COLLECTED DATA:
* * *

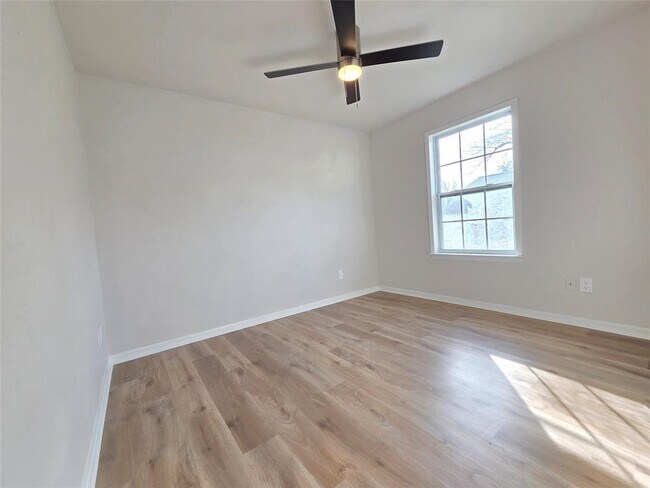 Building Photo - 411 W 4th St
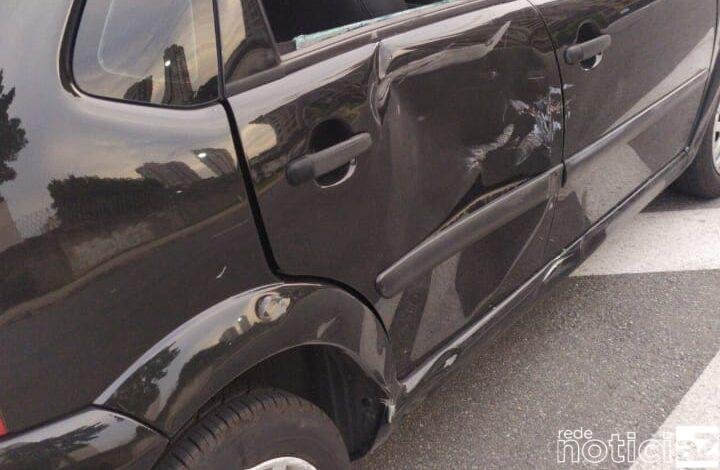Carro e moto batem perto de viaduto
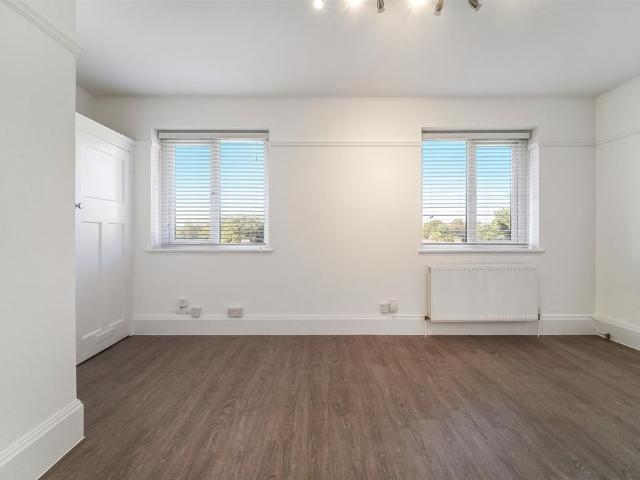 To Let 2 Bed Apartment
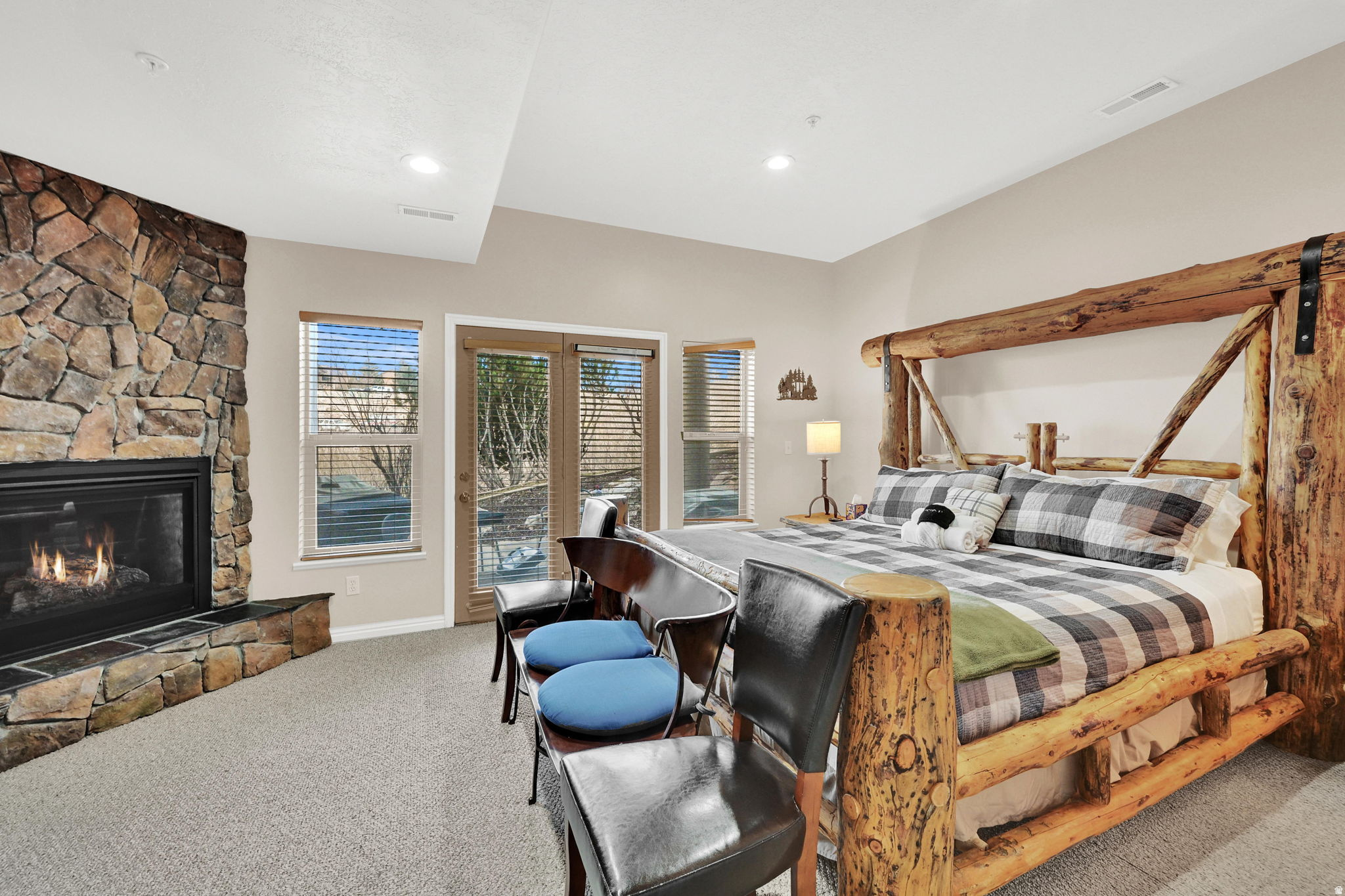 MOOSE HOLLOW - Residential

* * *

WHAT YOU HAVE TO DO: Exactly the lines running from the one with "Carro e moto batem perto de viaduto" through the end of the listing above must be output, both ends included. No pictures belong in the output.

WRITTEN RESPONSE:
Carro e moto batem perto de viaduto
 To Let 2 Bed Apartment
 MOOSE HOLLOW - Residential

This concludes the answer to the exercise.